Her life, her rearing, how interesting they must have been! What a pity I had not listened more attentively!
“They say you have much to do with asylums here.”
Evidently, when roles do not exist in life for certain characters, God has to create them. And thus He had to create a role in an asylum for my friend, for so she became from the instant she spoke of children as she did. It was the poorest and neediest of asylums; and the poor little orphaned wretches—but it is better not to speak of them. How can God ever expect to rear children without their mothers!
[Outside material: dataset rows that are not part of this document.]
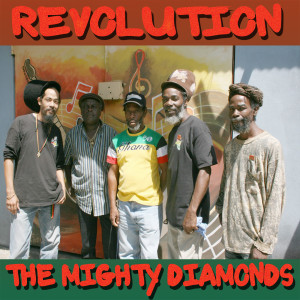 Dengarkan Jah Jah Lord lagu dari The Mighty Diamonds dengan lirik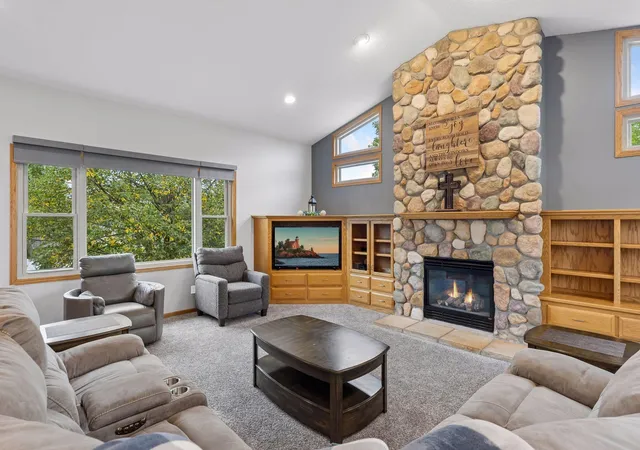 Photo 3 of Single family home for sale at 4181 Jason Ct Ne, Saint Michael, MN 55376 | MLS# 7152804 | Listing updated on 2026-10-05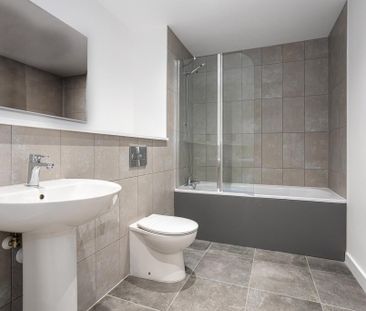 2 bedroom flat to rent - Photo 2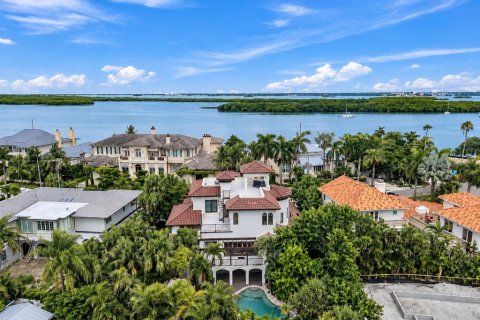 Villa ou maison à vendre à Clearwater, Floride: 5 chambres, 492.66 m2 № 2403509 - photo 11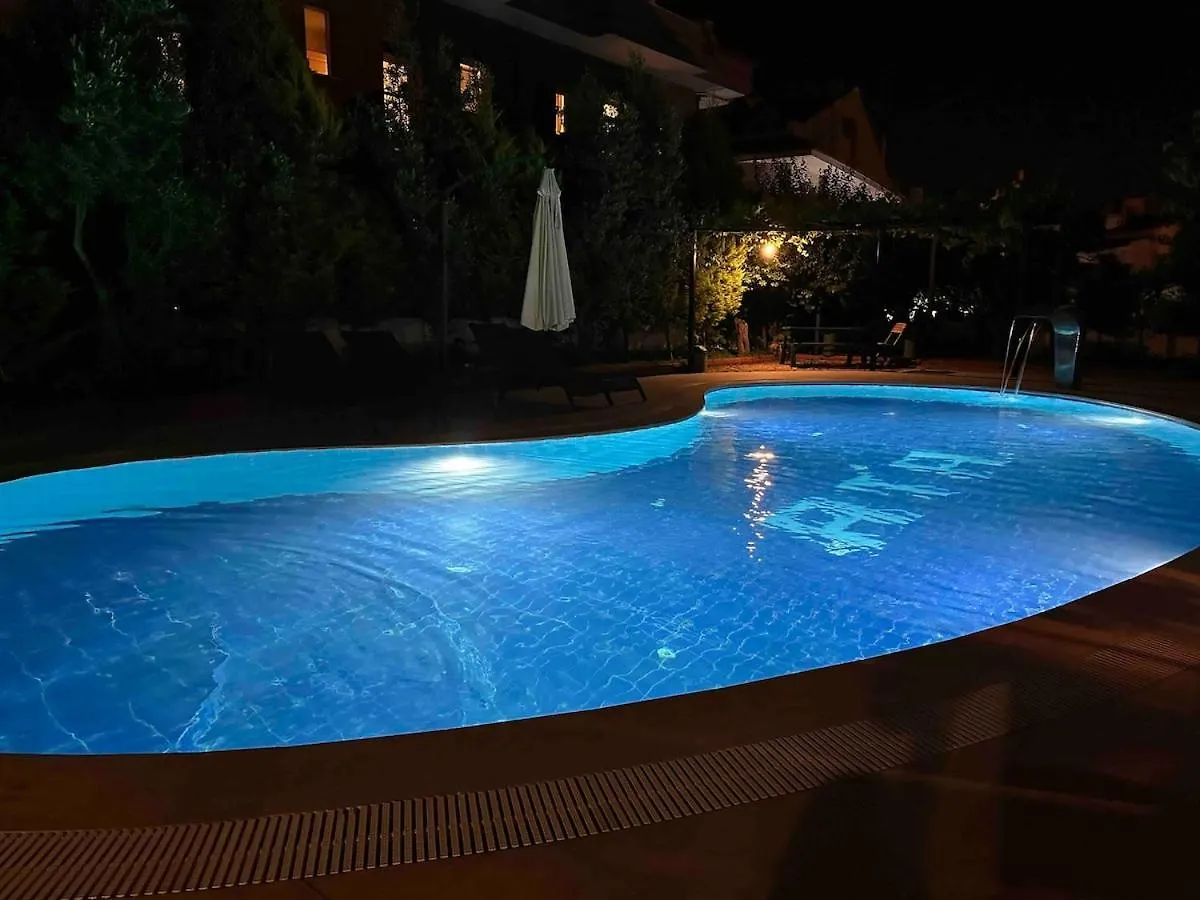Villa Lycian 3 Rooms 2 Living Rooms - Great Location Fethiye Apartmán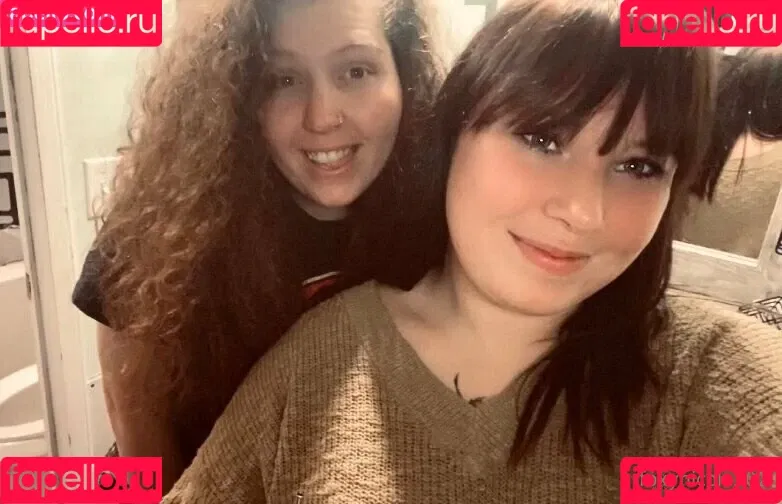 foxynicole95 / foxynicole_ Onlyfans Photo Gallery 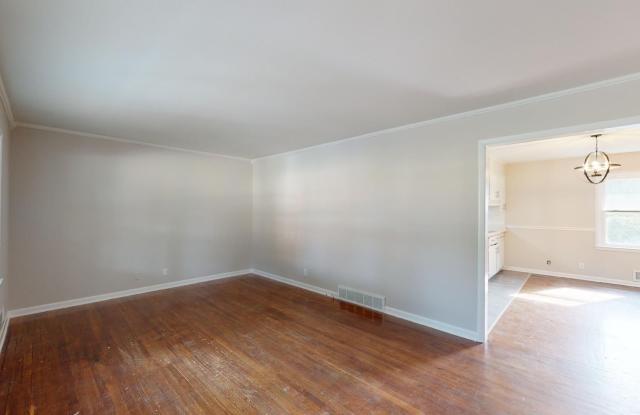 Photo of Ranch home close to Parkway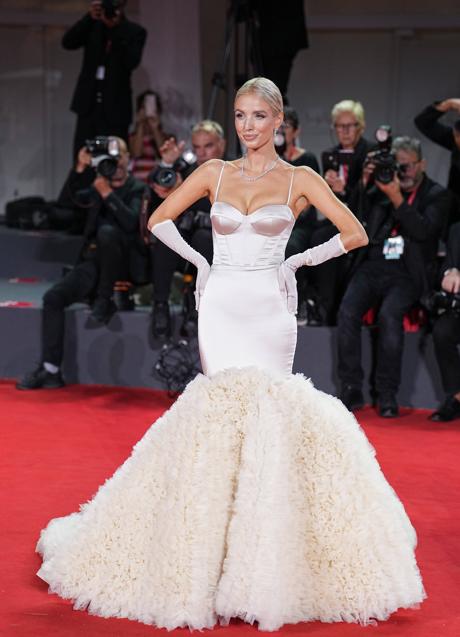 Leonie Hanne en la alfombra roja. / GTRES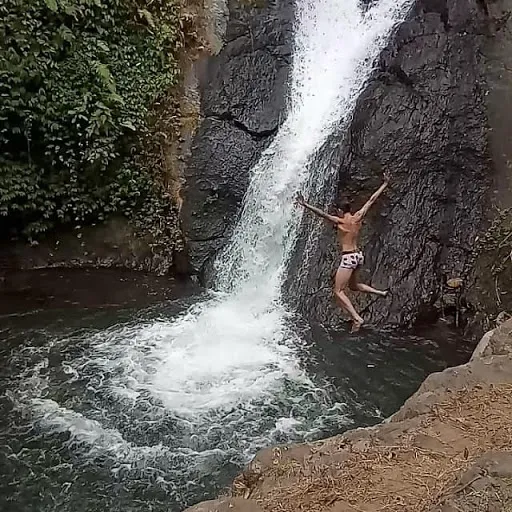 Gitgit dukuh waterfall(ceburan Dukuh waterfall) 3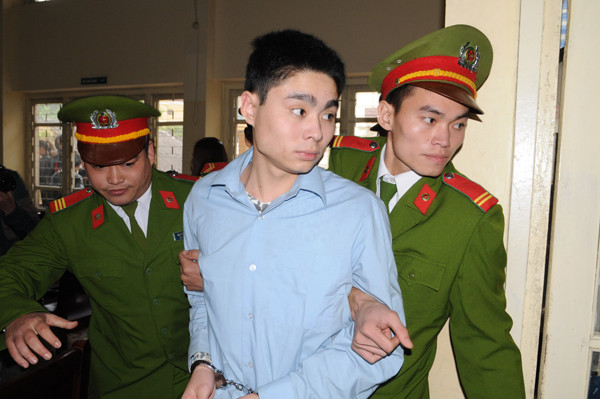 Công an đưa Lê Văn Luyện nhanh chóng rời phiên tòa sau khi chủ tọa tuyên án. Ảnh: Tuấn Nguyễn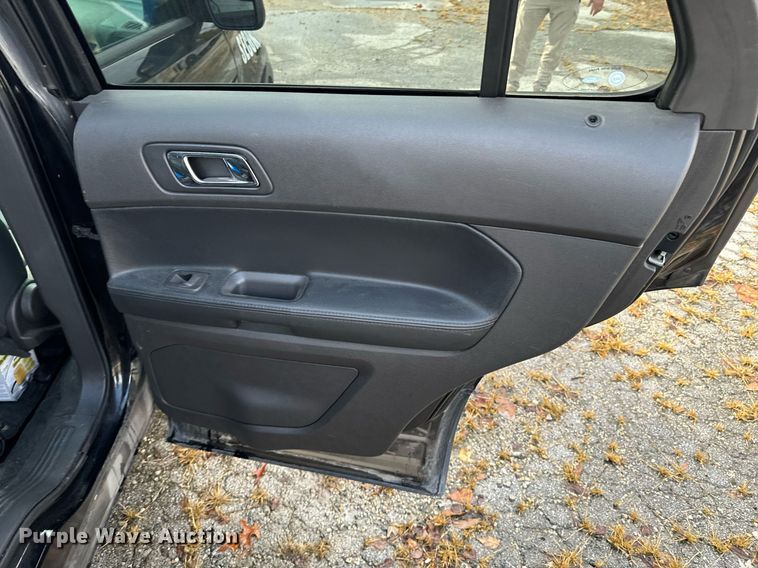 image for item DU9563 2013 Ford Explorer Police Interceptor SUV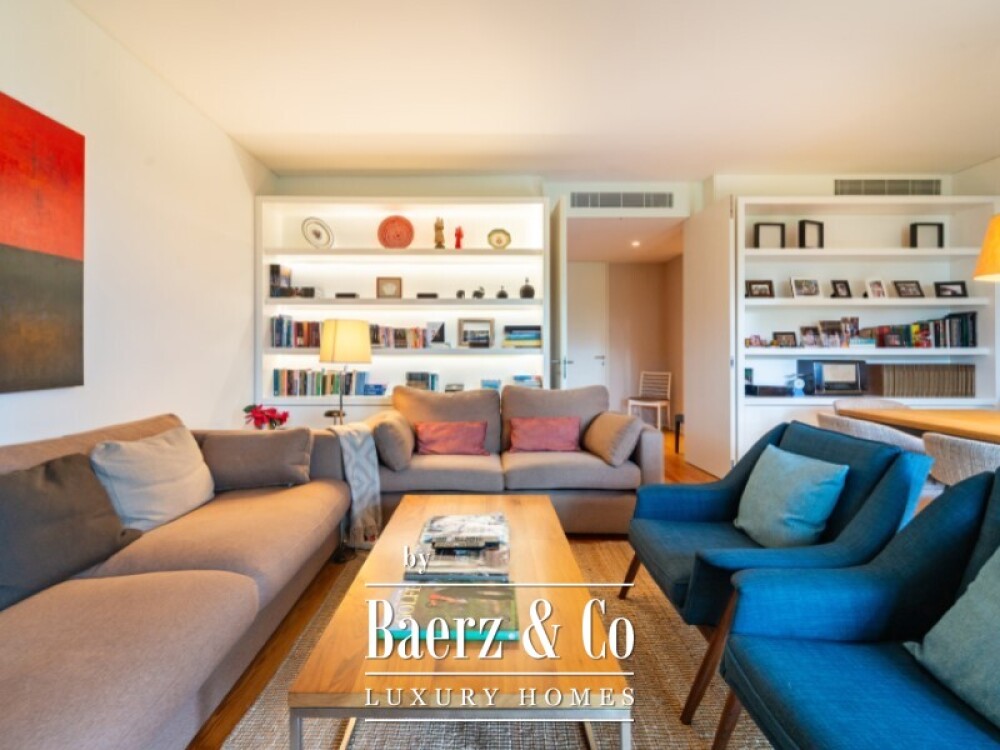 Luxury 2 Bedroom Apartment with Private Garden in Restelo, inserted in a condominium of excellence image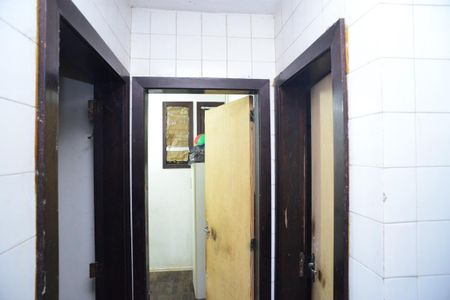 Casa à venda com 1115m², 6 quartos e 3 vagas Casa à venda com 1115m², 6 quartos e 3 vagasComodos de Serviço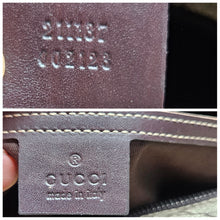 Load image into Gallery viewer, Authentic G G Supreme Tote Bag
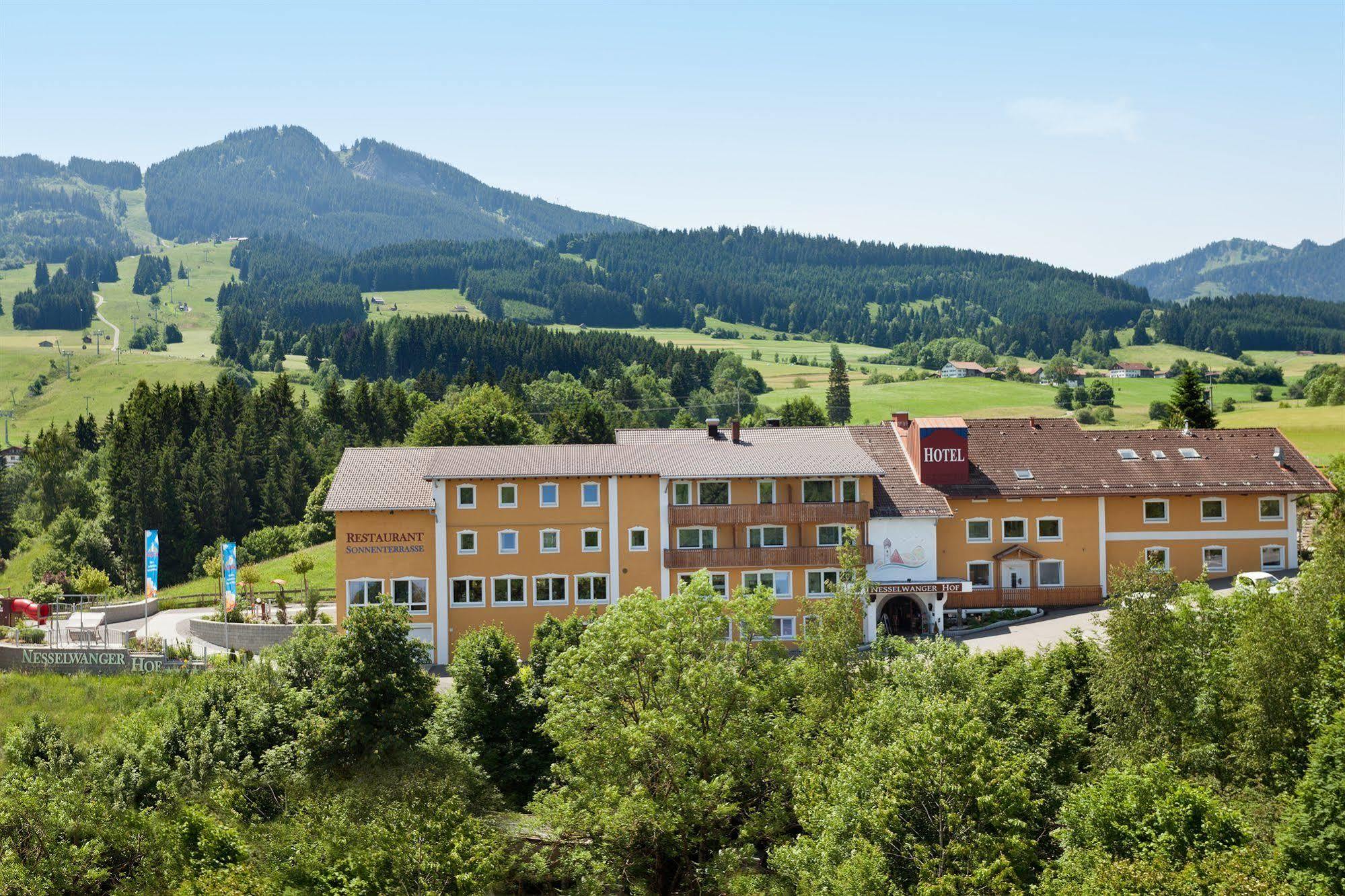 Hotel Nesselwanger Hof Экстерьер фото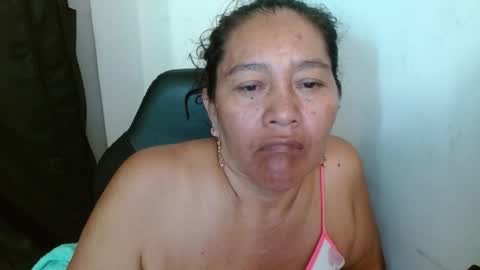 Snapshot of gatika_sexy chatting on 22, 12, 2025 katia online show from 22, 12, 2025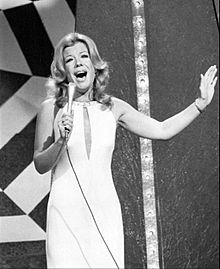 Vikki Carr 1974.JPG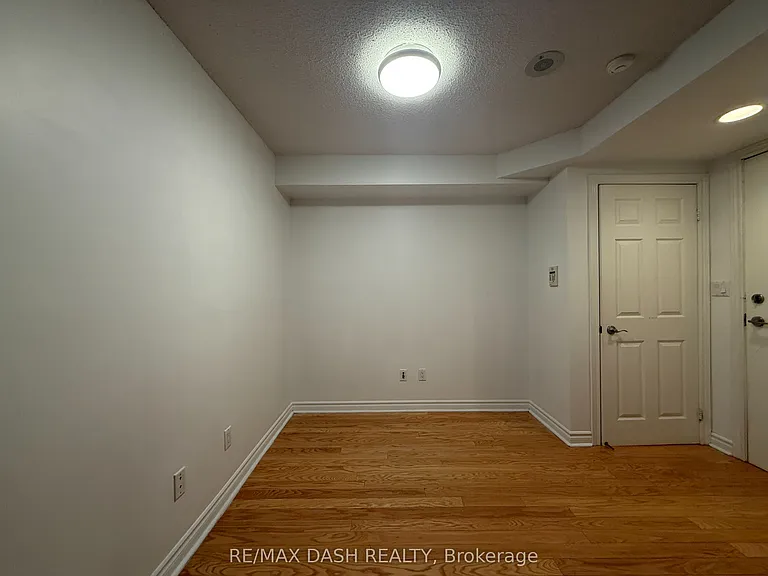 270 Wellington St W #802 — Photo 16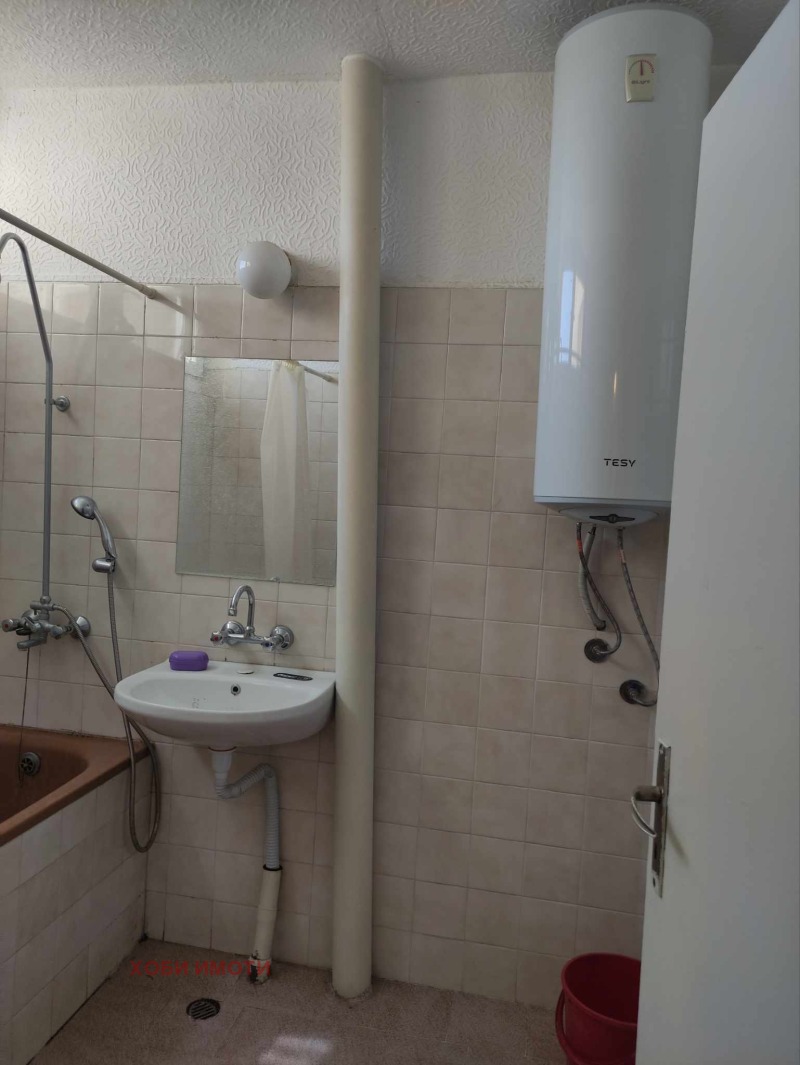 Дава под наем  4-стаен град Пловдив , Тракия , 120 кв.м | 51547847 - изображение [13]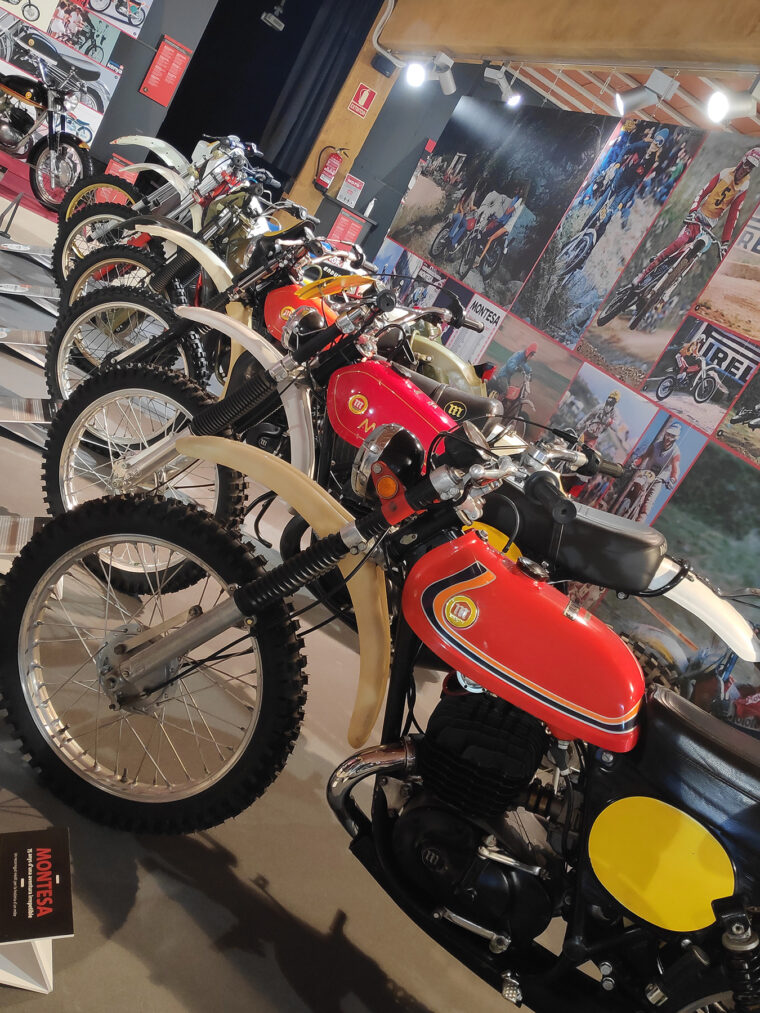 Exposicion-Montesa-75-años-Museu-moto-Basella-33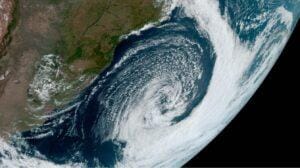 Ciclone próximo da costa do Brasil tem três mil quilômetros de diâmetro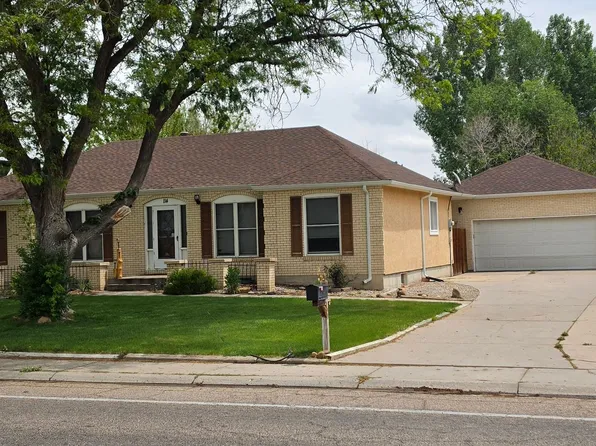 114 Encino Dr, Pueblo, CO 81005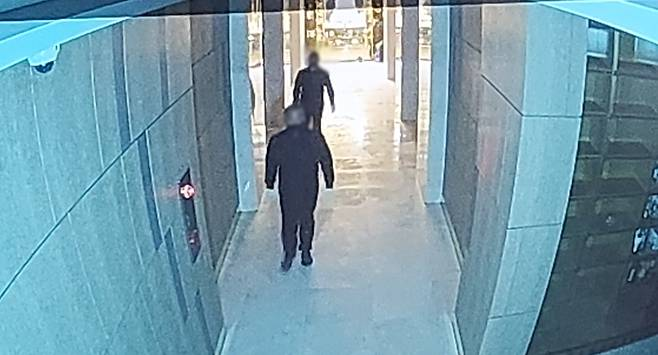 This CCTV footage shows two men walkng into a temple in eastern Jeju Island to steal ash urns. (Jeju Dongbu Police Station)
But the role I craved to create for my friend was far different—some good, honest bourgeois interior, where lips are coarse and cheeks are ruddy, and where life is composed of real scenes, set to the real music of life, the homely successes and failures, and loves and hates, and embraces and tears, that fill out the orchestra of the heart; where romance and poetry abound au naturel; and where—yes, where children grow as thick as nature permits: the domestic interior of the opera porter, for instance, or the clockmaker over the way. But what a loss the orphan-asylum would have suffered, and the dreary lacking there would have been in the lives of the children! For there must have been moments in the lives of the children in that asylum when they felt, awake, as they felt in their sleep when they dreamed their mothers were about them.
THE LITTLE CONVENT GIRL
She was coming down on the boat from Cincinnati, the little convent girl. Two sisters had brought her aboard. They gave her in charge of the captain, got her a state-room, saw that the new little trunk was put into it, hung the new little satchel up on the wall, showed her how to bolt the door at night, shook hands with her for good-by (good-bys have really no significance for sisters), and left her there. After a while the bells all rang, and the boat, in the awkward elephantine fashion of boats, got into midstream. The chambermaid found her sitting on the chair in the state-room where the sisters had left her, and showed her how to sit on a chair in the saloon. And there she sat until the captain came and hunted her up for supper. She could not do anything of herself; she had to be initiated into everything by some one else.